# PROBLEM DESCRIPTION:
Exactly the lines from the start of the data below through the line containing "На трассе Пермь" must be returned, and no others.
--- RAW DATA ---
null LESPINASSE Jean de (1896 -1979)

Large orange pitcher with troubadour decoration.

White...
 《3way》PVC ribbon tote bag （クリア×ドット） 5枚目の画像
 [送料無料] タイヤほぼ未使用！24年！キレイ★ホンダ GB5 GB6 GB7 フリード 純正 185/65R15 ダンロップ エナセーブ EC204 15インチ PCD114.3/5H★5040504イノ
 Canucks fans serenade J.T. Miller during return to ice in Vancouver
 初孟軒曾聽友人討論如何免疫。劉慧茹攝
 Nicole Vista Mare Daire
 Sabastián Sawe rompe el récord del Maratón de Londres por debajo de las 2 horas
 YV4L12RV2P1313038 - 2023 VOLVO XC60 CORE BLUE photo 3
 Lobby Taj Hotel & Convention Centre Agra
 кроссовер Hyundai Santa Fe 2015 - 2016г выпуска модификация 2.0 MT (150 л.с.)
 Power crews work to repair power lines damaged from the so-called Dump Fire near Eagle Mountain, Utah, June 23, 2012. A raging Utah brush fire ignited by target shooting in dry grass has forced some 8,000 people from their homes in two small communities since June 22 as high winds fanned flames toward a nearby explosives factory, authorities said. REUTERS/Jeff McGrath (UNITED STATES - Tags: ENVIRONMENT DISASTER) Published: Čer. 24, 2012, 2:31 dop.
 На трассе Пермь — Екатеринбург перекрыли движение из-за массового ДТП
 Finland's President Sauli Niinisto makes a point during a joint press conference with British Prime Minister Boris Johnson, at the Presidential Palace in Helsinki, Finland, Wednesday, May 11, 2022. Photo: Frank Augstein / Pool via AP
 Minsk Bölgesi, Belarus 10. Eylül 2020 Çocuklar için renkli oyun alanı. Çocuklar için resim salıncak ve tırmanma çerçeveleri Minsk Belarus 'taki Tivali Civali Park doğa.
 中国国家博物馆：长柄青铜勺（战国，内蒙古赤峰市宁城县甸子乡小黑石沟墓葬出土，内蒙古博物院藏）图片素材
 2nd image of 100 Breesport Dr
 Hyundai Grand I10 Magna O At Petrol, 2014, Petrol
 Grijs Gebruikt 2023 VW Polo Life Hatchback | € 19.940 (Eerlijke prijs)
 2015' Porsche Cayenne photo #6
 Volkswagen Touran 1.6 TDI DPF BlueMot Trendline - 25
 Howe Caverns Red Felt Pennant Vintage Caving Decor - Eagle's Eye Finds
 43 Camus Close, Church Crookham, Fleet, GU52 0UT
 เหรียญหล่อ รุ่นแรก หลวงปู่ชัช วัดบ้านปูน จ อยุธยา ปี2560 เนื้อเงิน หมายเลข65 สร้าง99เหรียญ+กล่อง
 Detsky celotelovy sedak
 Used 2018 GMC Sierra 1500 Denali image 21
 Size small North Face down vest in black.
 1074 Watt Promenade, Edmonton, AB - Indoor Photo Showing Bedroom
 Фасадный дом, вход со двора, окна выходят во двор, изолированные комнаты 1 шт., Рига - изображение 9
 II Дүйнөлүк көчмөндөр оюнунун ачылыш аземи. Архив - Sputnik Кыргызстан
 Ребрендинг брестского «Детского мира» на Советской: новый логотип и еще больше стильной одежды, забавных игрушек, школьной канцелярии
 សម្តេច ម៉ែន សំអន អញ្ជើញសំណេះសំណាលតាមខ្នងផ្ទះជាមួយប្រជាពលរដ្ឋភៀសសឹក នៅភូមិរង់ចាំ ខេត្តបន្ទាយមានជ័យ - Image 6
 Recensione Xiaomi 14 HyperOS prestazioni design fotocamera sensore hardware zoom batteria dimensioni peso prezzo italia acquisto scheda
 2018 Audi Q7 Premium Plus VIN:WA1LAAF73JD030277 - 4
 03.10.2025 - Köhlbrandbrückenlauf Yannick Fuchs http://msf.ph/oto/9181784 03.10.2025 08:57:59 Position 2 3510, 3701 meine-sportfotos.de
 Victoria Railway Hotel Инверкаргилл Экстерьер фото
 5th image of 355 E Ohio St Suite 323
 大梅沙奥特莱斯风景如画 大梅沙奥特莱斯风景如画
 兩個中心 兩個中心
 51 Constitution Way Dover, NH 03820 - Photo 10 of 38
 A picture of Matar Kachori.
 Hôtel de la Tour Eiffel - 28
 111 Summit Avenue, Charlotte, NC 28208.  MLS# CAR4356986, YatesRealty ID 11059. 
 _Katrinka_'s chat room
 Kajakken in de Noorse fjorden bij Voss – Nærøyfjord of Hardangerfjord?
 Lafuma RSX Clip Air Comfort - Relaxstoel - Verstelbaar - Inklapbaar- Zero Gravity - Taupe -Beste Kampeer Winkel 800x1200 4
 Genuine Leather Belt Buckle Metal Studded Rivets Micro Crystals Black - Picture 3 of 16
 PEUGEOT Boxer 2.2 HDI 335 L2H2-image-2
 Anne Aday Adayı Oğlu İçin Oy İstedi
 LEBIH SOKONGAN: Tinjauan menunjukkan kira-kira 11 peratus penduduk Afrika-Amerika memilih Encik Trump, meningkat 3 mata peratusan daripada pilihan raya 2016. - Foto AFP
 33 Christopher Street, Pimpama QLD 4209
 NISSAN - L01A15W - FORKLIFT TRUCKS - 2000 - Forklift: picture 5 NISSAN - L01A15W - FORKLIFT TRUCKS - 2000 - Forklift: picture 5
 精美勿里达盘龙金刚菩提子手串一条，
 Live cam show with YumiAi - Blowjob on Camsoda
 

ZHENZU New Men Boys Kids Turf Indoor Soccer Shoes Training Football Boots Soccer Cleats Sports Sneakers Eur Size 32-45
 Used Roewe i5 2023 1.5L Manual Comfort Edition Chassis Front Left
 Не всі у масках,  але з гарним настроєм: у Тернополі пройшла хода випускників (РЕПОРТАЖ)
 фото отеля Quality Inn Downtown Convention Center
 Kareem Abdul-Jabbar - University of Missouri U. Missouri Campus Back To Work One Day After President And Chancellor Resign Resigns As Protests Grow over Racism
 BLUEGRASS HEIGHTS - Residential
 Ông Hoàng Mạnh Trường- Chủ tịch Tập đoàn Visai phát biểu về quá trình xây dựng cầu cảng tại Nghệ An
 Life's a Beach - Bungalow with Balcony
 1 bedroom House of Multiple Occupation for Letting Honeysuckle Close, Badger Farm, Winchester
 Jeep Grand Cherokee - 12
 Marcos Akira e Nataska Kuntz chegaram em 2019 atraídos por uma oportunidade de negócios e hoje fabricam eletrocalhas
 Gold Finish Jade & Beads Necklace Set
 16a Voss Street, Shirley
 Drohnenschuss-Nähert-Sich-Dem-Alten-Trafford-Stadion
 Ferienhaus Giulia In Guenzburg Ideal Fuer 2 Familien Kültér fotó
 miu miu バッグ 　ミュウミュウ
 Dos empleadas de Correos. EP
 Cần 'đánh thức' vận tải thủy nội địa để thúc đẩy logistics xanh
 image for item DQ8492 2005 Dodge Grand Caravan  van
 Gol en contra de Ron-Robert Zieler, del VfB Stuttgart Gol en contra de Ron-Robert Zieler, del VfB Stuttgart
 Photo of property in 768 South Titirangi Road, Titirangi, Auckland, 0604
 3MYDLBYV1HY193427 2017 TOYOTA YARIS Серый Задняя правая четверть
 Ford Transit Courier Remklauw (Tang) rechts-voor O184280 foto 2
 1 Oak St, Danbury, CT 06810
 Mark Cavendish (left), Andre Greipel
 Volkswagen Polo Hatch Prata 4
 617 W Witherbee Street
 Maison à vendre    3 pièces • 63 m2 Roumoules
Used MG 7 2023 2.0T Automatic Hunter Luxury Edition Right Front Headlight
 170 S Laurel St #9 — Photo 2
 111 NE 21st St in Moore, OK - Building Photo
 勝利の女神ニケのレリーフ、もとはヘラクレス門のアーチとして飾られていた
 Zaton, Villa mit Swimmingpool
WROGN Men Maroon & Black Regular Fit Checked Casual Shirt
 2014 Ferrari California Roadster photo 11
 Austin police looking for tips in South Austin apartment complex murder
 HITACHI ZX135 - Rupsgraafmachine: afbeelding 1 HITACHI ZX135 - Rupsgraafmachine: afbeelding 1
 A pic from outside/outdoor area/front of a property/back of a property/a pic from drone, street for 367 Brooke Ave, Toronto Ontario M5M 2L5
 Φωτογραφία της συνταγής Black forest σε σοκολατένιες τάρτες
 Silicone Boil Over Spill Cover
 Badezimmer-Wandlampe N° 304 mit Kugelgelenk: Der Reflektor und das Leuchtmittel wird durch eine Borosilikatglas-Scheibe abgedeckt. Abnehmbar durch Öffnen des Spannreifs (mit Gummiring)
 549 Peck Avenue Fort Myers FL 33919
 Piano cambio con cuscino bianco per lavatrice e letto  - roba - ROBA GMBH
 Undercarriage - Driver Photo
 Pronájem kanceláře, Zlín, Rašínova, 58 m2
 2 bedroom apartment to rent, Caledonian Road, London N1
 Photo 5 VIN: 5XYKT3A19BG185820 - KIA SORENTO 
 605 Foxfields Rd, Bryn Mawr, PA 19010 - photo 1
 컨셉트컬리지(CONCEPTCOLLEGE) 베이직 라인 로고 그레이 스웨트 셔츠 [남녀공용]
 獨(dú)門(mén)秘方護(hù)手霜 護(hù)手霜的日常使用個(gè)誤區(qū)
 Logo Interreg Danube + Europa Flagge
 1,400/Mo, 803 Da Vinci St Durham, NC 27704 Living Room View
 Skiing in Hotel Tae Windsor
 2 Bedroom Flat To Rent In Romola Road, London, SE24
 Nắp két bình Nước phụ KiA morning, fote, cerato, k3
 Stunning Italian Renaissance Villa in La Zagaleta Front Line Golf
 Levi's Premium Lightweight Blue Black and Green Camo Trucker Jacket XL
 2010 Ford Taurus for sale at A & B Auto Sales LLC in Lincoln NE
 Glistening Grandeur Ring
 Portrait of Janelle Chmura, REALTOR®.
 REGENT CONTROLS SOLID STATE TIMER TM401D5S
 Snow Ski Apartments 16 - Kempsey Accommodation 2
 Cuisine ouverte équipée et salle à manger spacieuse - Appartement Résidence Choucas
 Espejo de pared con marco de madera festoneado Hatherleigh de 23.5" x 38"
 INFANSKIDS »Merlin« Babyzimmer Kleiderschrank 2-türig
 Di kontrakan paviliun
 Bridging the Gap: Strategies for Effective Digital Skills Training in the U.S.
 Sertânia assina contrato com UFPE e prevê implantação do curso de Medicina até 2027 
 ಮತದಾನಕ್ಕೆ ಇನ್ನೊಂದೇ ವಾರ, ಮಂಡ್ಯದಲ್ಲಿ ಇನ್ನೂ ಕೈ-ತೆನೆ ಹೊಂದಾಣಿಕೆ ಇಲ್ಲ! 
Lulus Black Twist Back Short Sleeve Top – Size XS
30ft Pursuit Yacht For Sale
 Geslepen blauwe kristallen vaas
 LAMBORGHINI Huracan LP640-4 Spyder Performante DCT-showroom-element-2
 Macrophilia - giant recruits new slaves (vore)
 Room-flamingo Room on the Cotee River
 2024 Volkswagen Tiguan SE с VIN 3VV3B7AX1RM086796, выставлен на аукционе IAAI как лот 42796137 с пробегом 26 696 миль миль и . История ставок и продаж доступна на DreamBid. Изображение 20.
---
# RESPONSE:
null LESPINASSE Jean de (1896 -1979)

Large orange pitcher with troubadour decoration.

White...
 《3way》PVC ribbon tote bag （クリア×ドット） 5枚目の画像
 [送料無料] タイヤほぼ未使用！24年！キレイ★ホンダ GB5 GB6 GB7 フリード 純正 185/65R15 ダンロップ エナセーブ EC204 15インチ PCD114.3/5H★5040504イノ
 Canucks fans serenade J.T. Miller during return to ice in Vancouver
 初孟軒曾聽友人討論如何免疫。劉慧茹攝
 Nicole Vista Mare Daire
 Sabastián Sawe rompe el récord del Maratón de Londres por debajo de las 2 horas
 YV4L12RV2P1313038 - 2023 VOLVO XC60 CORE BLUE photo 3
 Lobby Taj Hotel & Convention Centre Agra
 кроссовер Hyundai Santa Fe 2015 - 2016г выпуска модификация 2.0 MT (150 л.с.)
 Power crews work to repair power lines damaged from the so-called Dump Fire near Eagle Mountain, Utah, June 23, 2012. A raging Utah brush fire ignited by target shooting in dry grass has forced some 8,000 people from their homes in two small communities since June 22 as high winds fanned flames toward a nearby explosives factory, authorities said. REUTERS/Jeff McGrath (UNITED STATES - Tags: ENVIRONMENT DISASTER) Published: Čer. 24, 2012, 2:31 dop.
 На трассе Пермь — Екатеринбург перекрыли движение из-за массового ДТП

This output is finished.